Based on the incidence of BARC type 2–5 bleeding in the GEMINI-ACS-1 [11] trial and OPT-CAD trial, provided that the incidence of BARC type 2–5 bleeding in the experiment arm and the control arm are both 6% at 6 months. A non-inferiority margin of 4.7% was estimated and based on a one-sided type 1 error of 2.5%, power of 85%, and a 10% drop-out rate, a total of 1020 patients was needed for adequate analysis. Sample-size determination was performed with SAS version 9.3.

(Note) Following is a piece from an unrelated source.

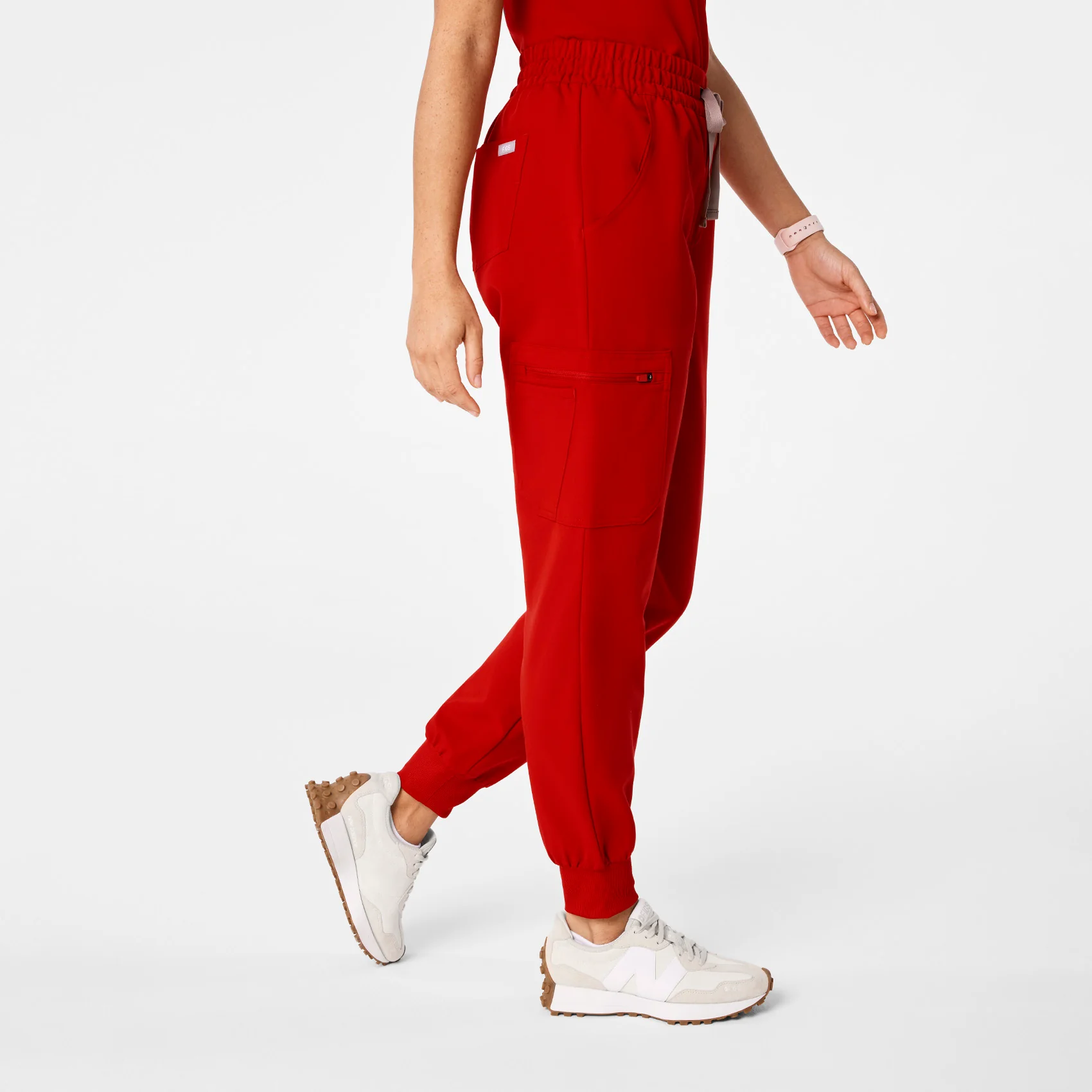 women's Winning Red High Waisted Uman Relaxed - Petite Jogger Scrub Pant - Image 3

The analysis of the primary endpoint that BARC type 2–5 bleeding events require medical intervention for 6 months based on intention-to-treat (ITT) and per-protocol (PP) population. The ITT population is all randomized subjects. All randomized subjects without major protocol violations, subjects who did not receive the assigned treatment, or did not receive any treatment belong to the ITT population. The PP population is fully in line with the study. The study will conduct subgroup analyses of primary and secondary endpoints based on gender, age, and diabetes in the ITT population. Multiple imputation will be performed to handle missing data. The main endpoints of the ITT population are analyzed and then reanalyzed in the PP population to support the results. The analysis of the composite of MACCE is based on the ITT population. Unless otherwise stated, all hypothesis tests are carried out at a bilateral significance level of 5%. To determine whether the efficacy and safety of rivaroxaban plus clopidogrel in patients with CHD and GID are not inferior to aspirin plus clopidogrel. The difference in the incidence of endpoints between the experiment group and the control group is less than or equal to the non-inferior effect value means an invalid hypothesis (H0, P0–P1 ≤  − 4.7%). The difference in the incidence of the primary endpoint between the two groups is greater than the non-inferior effect value remains an alternative hypothesis (H1, P0–P1 >  − 4.7%). The non-inferiority test is carried out at a significance level of 0.025 on one side. Statistical analyses were performed with SAS version 9.3.

The Clinical Events Committee (CEC) is composed of medical experts in the field of cardiology and gastroenterology. Committee members are responsible for reviewing all reported events and classifying those events. If necessary, CEC can request original information from the research center. Members are remaining blind to treatment assignments.

The study is monitored by an independent Data and Safety Monitoring Board (DSMB). All adverse events in this study will be reported to the DSMB, and they can request additional information as required. The DSMB will regularly check the endpoint events to identify the safety of the study. DSMB will supervise and manage the research scheme and data before the start of the study, mid-study, and after the end of the study. Based on the result of the review, the DSMB will provide a report about the safety of the study to the lead investigator. And based on safety data, the DSMB may recommend that the lead investigator modify or terminate the trial.

During the course of the trial, any formal modifications to the protocol or informed consent form will be agreed by the research team, approved by the Ethics Committee to implementation, and reported to participants if necessary. It will also be updated in the Clinical Trials Registry.

The results of the study will be disseminated to participants, the public, and other relevant groups through publications and presented at scientific conferences.